BEGIN Data supplied

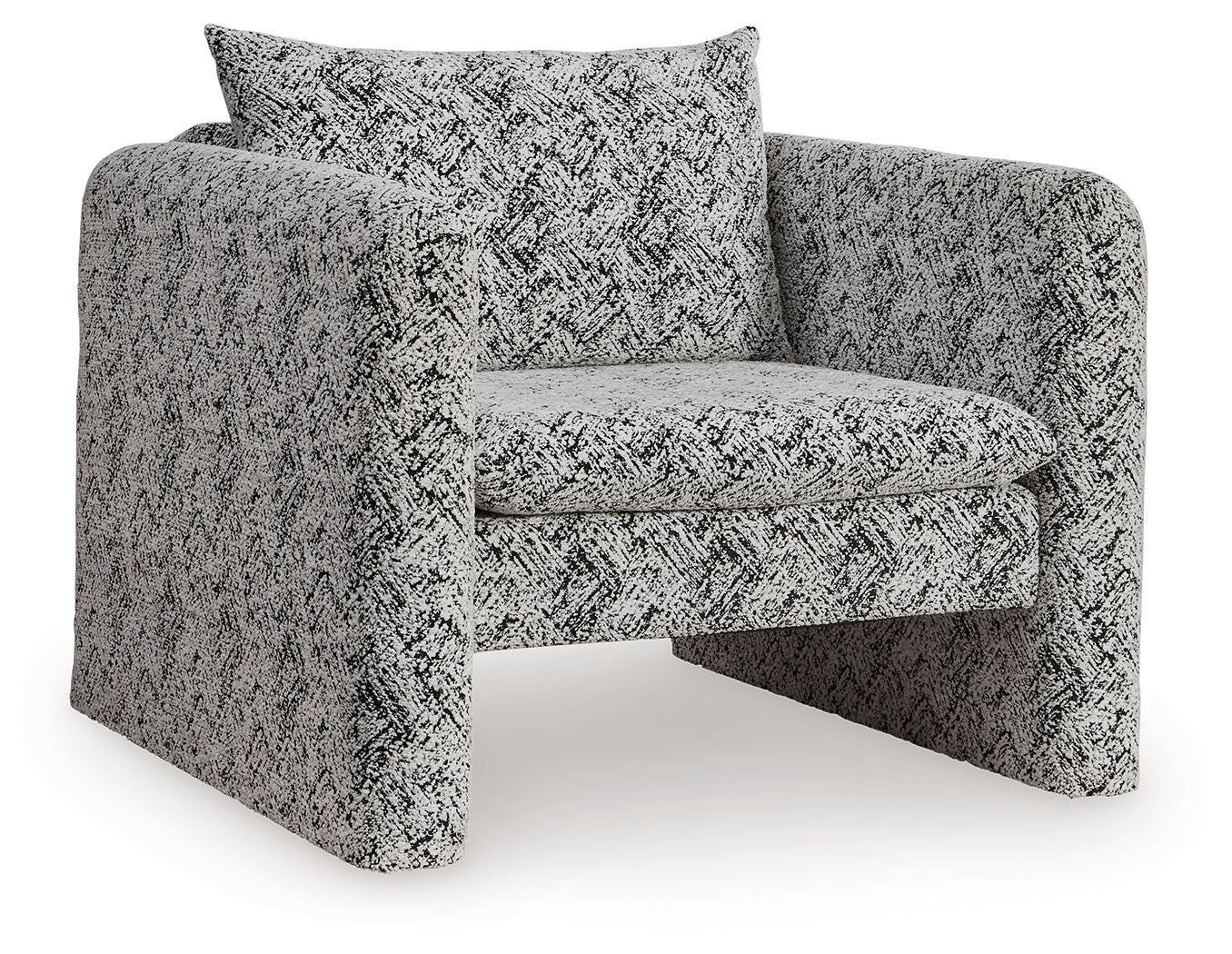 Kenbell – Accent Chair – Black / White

END Data supplied
BEGIN Data supplied

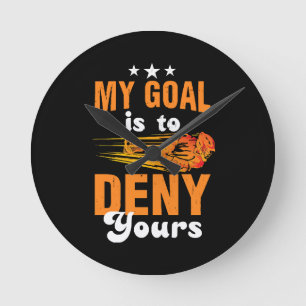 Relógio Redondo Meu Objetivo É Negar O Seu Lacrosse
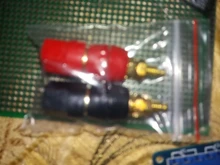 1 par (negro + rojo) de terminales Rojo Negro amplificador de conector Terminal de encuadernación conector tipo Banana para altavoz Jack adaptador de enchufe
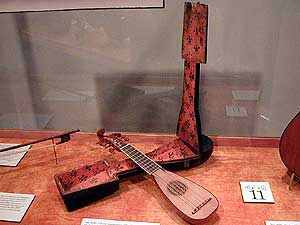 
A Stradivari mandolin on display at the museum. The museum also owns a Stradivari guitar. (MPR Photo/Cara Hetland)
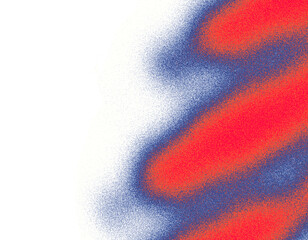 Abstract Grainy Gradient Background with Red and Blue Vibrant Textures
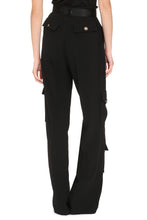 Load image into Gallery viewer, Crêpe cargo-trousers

END Data supplied

- **Assigned task**
Would you please repeat only the lines above, beginning at the one that has "Relógio Redondo Meu" and stopping after the one that has "Load image into", exactly and with no pictures?

- **Task response**
 Relógio Redondo Meu Objetivo É Negar O Seu Lacrosse
 1 par (negro + rojo) de terminales Rojo Negro amplificador de conector Terminal de encuadernación conector tipo Banana para altavoz Jack adaptador de enchufe
A Stradivari mandolin on display at the museum. The museum also owns a Stradivari guitar. (MPR Photo/Cara Hetland)
 Abstract Grainy Gradient Background with Red and Blue Vibrant Textures
 Load image into Gallery viewer, Crêpe cargo-trousers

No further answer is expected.